The James M. Skinner Chair of Science was established in 1967 by Mrs. Florence Sayre Skinner to recognize a distinguished scholar for his or her contributions to science. She generously created a trust that would support, in perpetuity, one chair in the sciences from her estate. Since her death in 1974, exceptional professors of science from the School of Arts and Sciences have occupied the chair.

PAACH Director

Dr. Karen Su has been named director of the Pan Asian American Community House (PAACH), located in ARCH, and assistant director of the Asian American Studies Program.

Dr. Su's specific responsibilities include identifying and developing effective and innovative strategies to increase Penn's efforts to advise students on academic and professional issues; strengthening the Asian American Studies Program; organizing conferences, symposia, and other public events on topics of political, social, and cultural importance for Asian American communities; and providing resource and research materials concerning Asian American political, cultural and community concerns. She is also be responsible for helping to recruit and retain Asian American students, expanding alumni relations, and increasing Penn's local and national linkages with Asian American communities and organizations.

"We are absolutely delighted to welcome a colleague of Dr. Su's extraordinary disciplinary breadth and administrative depth as the inaugural director of PAACH," said VPUL's Dr. Valarie Swain-Cade McCoullum, .
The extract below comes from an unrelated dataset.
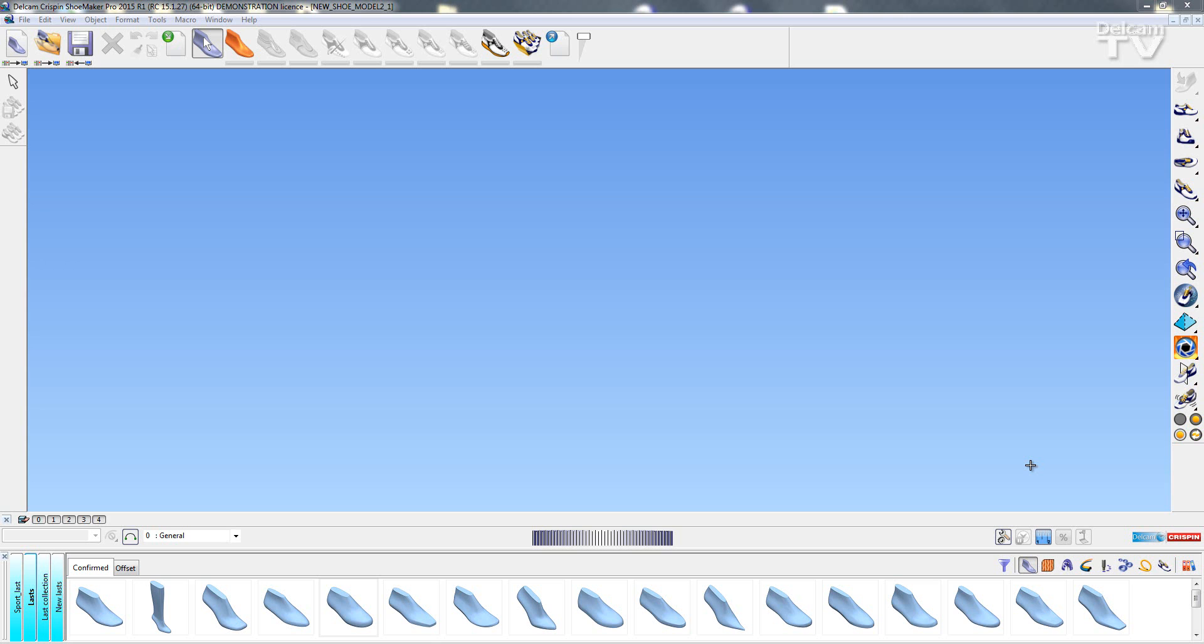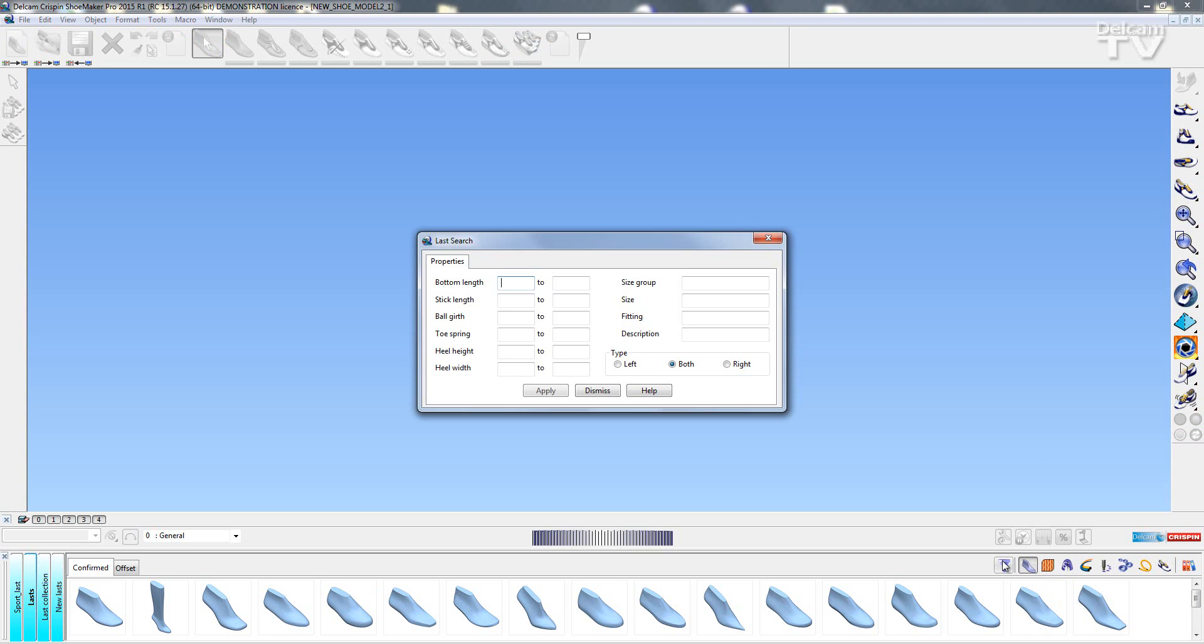The next feature we're going to take a look at allows the user to filter through their last library. So I'm going to select on this new icon here and this brings up a filter dialog where I can enter different properties to find the last I want to use.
Prior to joining Penn this fall, Dr. Su was a visiting assistant professor in the Asian/Pacific/American Studies Program at NYU. She also taught English and Ethnic Studies at Mills College in California. She took her B.A. from Mount Holyoke, her M.A. from Stanford and her Ph.D. in English with a concentration on Asian American literature from Berkeley.

"I believe that PAACH will be a vital part of the campus as a resource center not only for Asian American students, but for the whole Penn community to learn more about the essential role that Asian Americans have played in the history and culture of this country. I want to make it a priority for PAACH to develop programs that play critical roles in forming closer ties between Penn and the Asian American communities," said Dr. Su.

House Dean: Harrison College House

Harrison College House has a new House Dean this fall--Richard Robert Haavisto. Mr. Haavisto has spent the past ten years at Penn in various roles. He is currently a Ph.D. candidate in Anthropology, writing his dissertation on the social geography of Bufumbira, Uganda.

Since 1974, Mr. Haavisto has taught courses on African societies and cultures, ethnography, ethnicity, race and gender, and cultural anthropology at Penn and CCP. He has also taught at Rutgers, Stanford and the Université Nationale du Rwanda. From 1990-91, he was a research assistant at the University Museum, working on the refurbishment of the African Gallery.

In 1994, he received Fulbright and Wenner-Gren Fellowships to conduct ethnohistorial fieldwork in Uganda. Mr. Haavisto also has extensive experience with the Peace Corps--acting as a consultant in Burundi in 1983 where he prepared a five-year Country Management Plan. For the past two years, he has served as a graduate associate in the Perspectives in the Humanities program in Harrison College House.